Al parecer, cuando hablamos de la paz en Colombia -anhelada y buscada desde hace tantos años-, hablamos de una utopía.
La paz es uno de los valores esenciales proclamados en la Constitución de 1991, como lo dice su preámbulo y lo reitera el artículo 2 cuando indica que una de las finalidades esenciales del Estado consiste en asegurar la convivencia pacífica y la vigencia de un orden justo. Según estatuye el artículo 22, “la paz es un derecho y un deber de obligatorio cumplimiento”.
En criterio de la Corte Constitucional (Sentencia C-069 de 2020), “la paz no es sólo una aspiración constitucional, sino que le impone derroteros ciertos (…): 1) un deber de adoptar medidas tendientes a canalizar el conflicto armado por medios políticos, y en ese mismo sentido, 2) el deber de darle prelación a los mecanismos de solución pacífica de los conflictos, y finalmente, 3) un deber de garantizar progresivamente la protección de los derechos”.
Según expresa, el presidente de la República “debe buscar preferencialmente acudir a mecanismos de solución pacífica de los conflictos internos. Este deber se deriva, en primer lugar, de una lectura sistemática de la Constitución Política, y en particular, de la prevalencia de los principios fundamentales de la Constitución como elementos integradores que deben informar la interpretación de la parte orgánica de la misma. En segunda medida, se deduce así mismo del análisis de los antecedentes históricos y de la teleología de la Constitución (…)”. Y -agrega- “de los tratados sobre derechos humanos ratificados por Colombia, que la Corte, interpretando el artículo 93 de la Constitución, ha incorporado al ordenamiento jurídico como parte del bloque de constitucionalidad”.

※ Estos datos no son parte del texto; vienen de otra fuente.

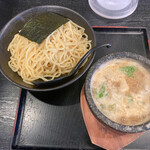 信長 - 信長つけ麺  870円税込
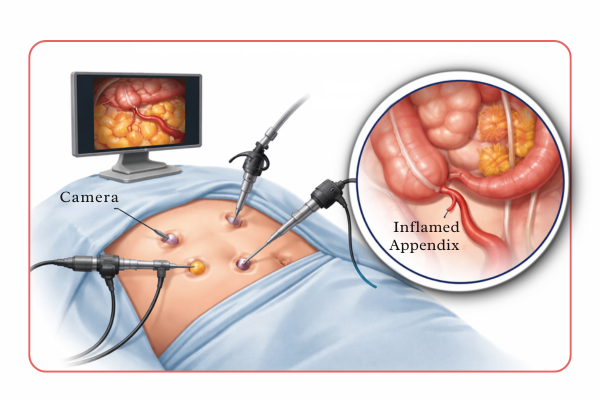 Appendix Surgery
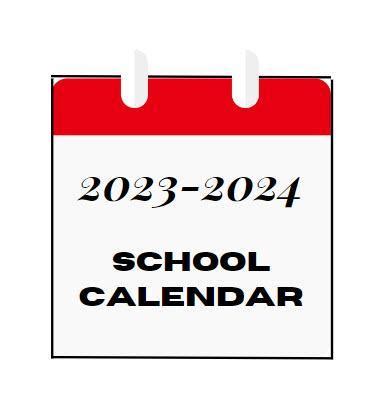 Academic Calendar - St. Michaels Academy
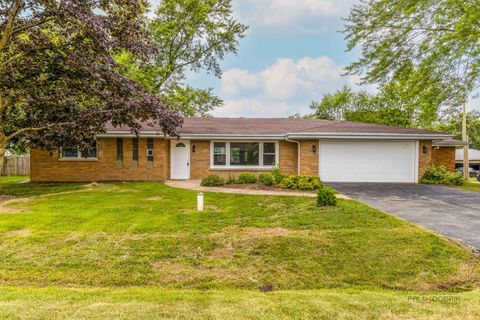 Tiny photo for 25610 S Parkside Drive, Channahon, IL 60410 (MLS # 12421454)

Es lo que -de buena fe- ha procurado el presidente Petro. Pero, para dialogar se necesita la voluntad sincera de las partes, y lo cierto es que -pese a sus buenas intenciones- ha tropezado con la total falta de voluntad de los grupos alzados en armas, que, incumpliendo los compromisos asumidos, siguen practicando el terrorismo, el secuestro, los ataques a la fuerza pública y a la población, sembrando caos y horror en muchas zonas del país.
Por parte de esas organizaciones no hay voluntad de paz, ni sinceridad, ni lealtad, ni buena fe. Con ellas, los mecanismos de solución pacífica de conflictos son utopía, y eso lo deben entender el Gobierno y quienes participan en las negociaciones. Y lo entendemos los colombianos que hemos sido partidarios de alcanzar la paz mediante el diálogo.
Ahora bien. Así como la Constitución consagra el valor de la paz, a la que debe propender el Estado, también estatuye que al Gobierno corresponde conservar en todo el territorio el orden público, restablecerlo cuando fuere turbado, dirigir la fuerza pública y disponer de ella para tal efecto.